Wednesday, July 28, 2010

Playing Nice

Matthew 11:16-19

by Daniel Harrell

I saw on Facebook that a friend of mine, a video game designer, has just produced his own first RPG, or role-playing game. It’s called Kingdoms of Almalur—a single-player open world RPG for PlayStation 3, Xbox 360 and PC. According to the promo, “Almalur combines intense third person action combat with deep exploration, expansive character development, and immersive storytelling in a unique universe. [Ask your kids and grandkids to explain what this means.] Gamers are mysteriously resurrected from the dead and thrust into a bloody conflict as they battle to stop evil forces that threaten to destroy the world.” This mention of resurrection and combating evil made me wonder what Christianity would look like as a role-playing game. I googled the idea and found that “Matthew the teenage Christian blogger” had already beat me to it.

“Allow me to nerd out completely” he blogged. What if each believer had his or her own character level that would reflect their spiritual maturity. This level could grow or shrink depending on your faith. Your battle stats would show your the fruits of the Spirit or your knowledge of Scripture or your commitment to prayer, or your success at avoiding temptation. Your specific level would be determined by your spiritual gifts and vocation, such as: missionary, preacher, deacon, healer, tongues-speaker.

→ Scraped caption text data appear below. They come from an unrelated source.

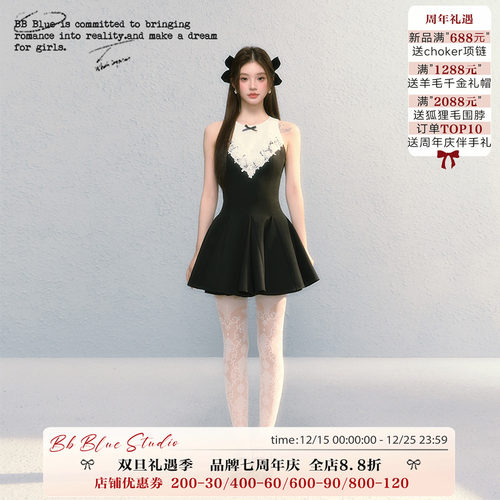 V字千金玫瑰收腰法式礼服小黑裙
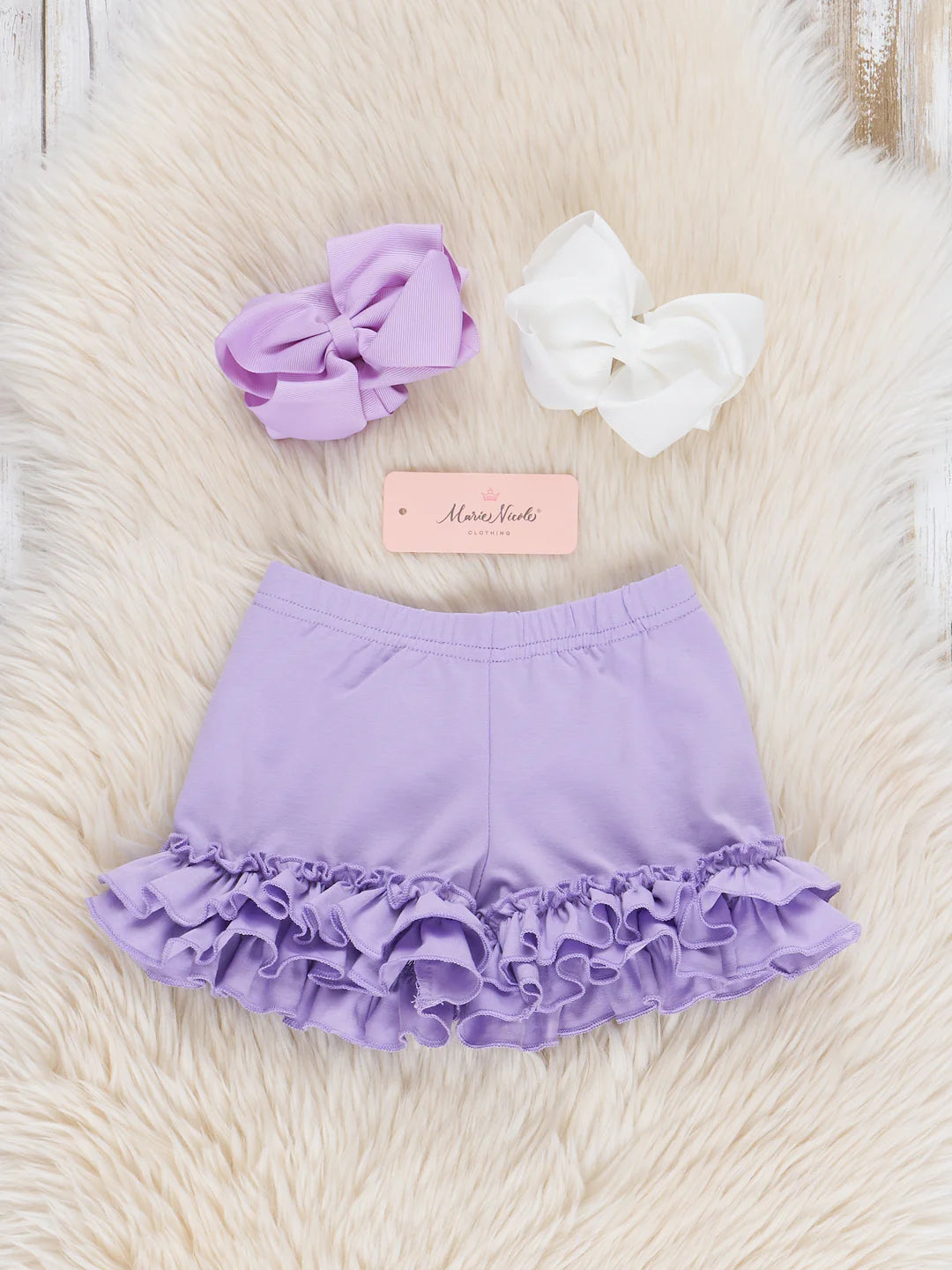 Ruffle Hem Cotton SHORTS Orchid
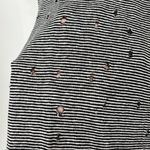 IRO  XS Black, White Stripe Gabry Distressed Linen Short Sleeve T-Shirt Photo 8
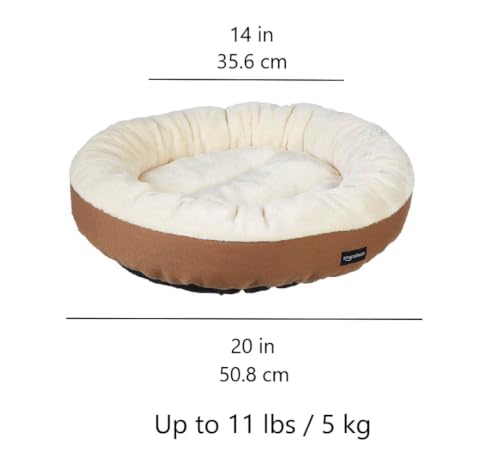 Image of Amazon Basics Round Bolster Pet Bed for Dog or Cat with Flannel Top, 20.0 inch L x 20.0 inch W x 6.0 inch Th, Up to 11lbs, Brown and Ivory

And then, instead of saying something weak like “You should pray everyday because it’s good for spiritual growth.” You could say, “Strive to maintain a prayer level of 12 and a Bible level of 18. This should fend off level 11 temptations very easily. If you have any stats below 10, this may indicate sin in your life leaving you wide open to high damage from a low level spiritual attack.”

“How awesome would that be?!” Matthew the blogger gushed. “Had I known about this system, I could have been a level 35 Preacher Class C Christian by now!” To which his father might have responded, “now son, the Christian life is no game.” Except that according to Jesus it is a game; it’s just that people don’t want to play.

We’re carrying on with our look at the life and times of John the Baptist. Last Sunday had our hero languishing in prison as a result of his berating King Herod. Initially confident that his prison stay would be short, John soon began to doubt whether Jesus had the goods to spring him loose. Expecting a Messiah capable of raining down enough heat to toast the wicked Herod, in John’s estimation, Jesus hadn’t brought enough heat to toast toast. Likewise expecting Jesus to bear a winnowing fork of fire and justice, Jesus had brought little more than a salad fork to dish out love and forgiveness. What kind of Messiah was that? All of which led John to wonder aloud about Jesus: “Are you really the one to come or should we wait for somebody else?”

According to the prophet Isaiah, Jesus did have the Messianic credentials. He replied to John how the blind receive their sight, the lame walk, lepers are cleansed, the deaf hear, the dead are raised, and the poor have good news brought to them,” just like Isaiah foretold. But peel back a few layers and the good news Jesus brought wasn’t all that great. “Blessed is anyone who takes no offense at me,” he said, and with good reason. The justice Jesus brought looked remarkably unjust—pardoning sinners who didn’t deserve it and then commanding that they forgive their enemies the same way. He fights a losing battle—only to lose it on purpose? He rescues the world from evil through the strange strategy of surrendering to evil. He gives himself up to die an unjust death for an undeserving people. John prepared the way for the Lord alright, only the way of the Lord turns out to be the way of the cross—the way of failure, futility and death. Who plays a game where you have to lose in order to win, to die in order to live, to fail in order to find victory?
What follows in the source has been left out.